:: Source data ::

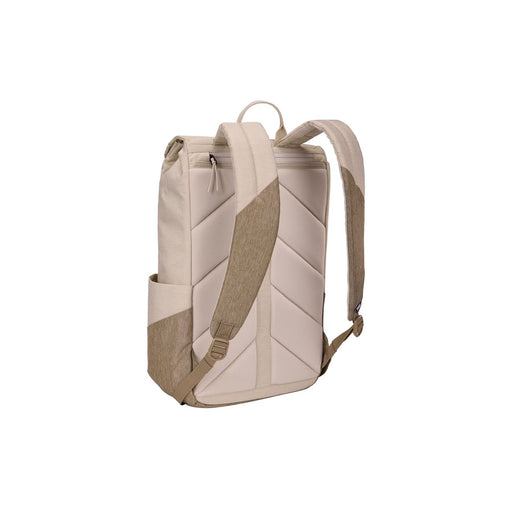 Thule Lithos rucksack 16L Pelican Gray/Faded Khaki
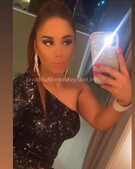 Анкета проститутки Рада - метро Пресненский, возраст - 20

:::
:: Source data ::

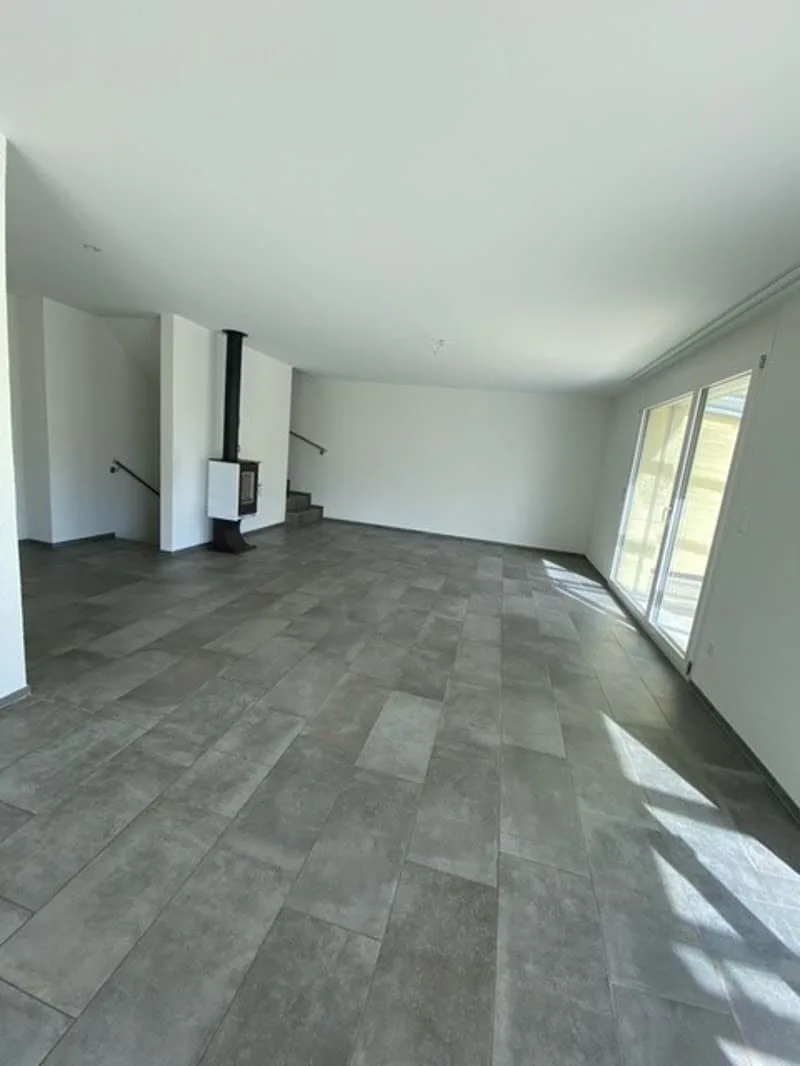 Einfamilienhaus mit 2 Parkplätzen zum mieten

:::

### What to produce:
Go back to the listing above and reproduce, exactly, the stretch from the line bearing "Thule Lithos rucksack" through the line bearing "Анкета проститутки Рада", without its pictures.

### Exercise output:
 Thule Lithos rucksack 16L Pelican Gray/Faded Khaki
 Анкета проститутки Рада - метро Пресненский, возраст - 20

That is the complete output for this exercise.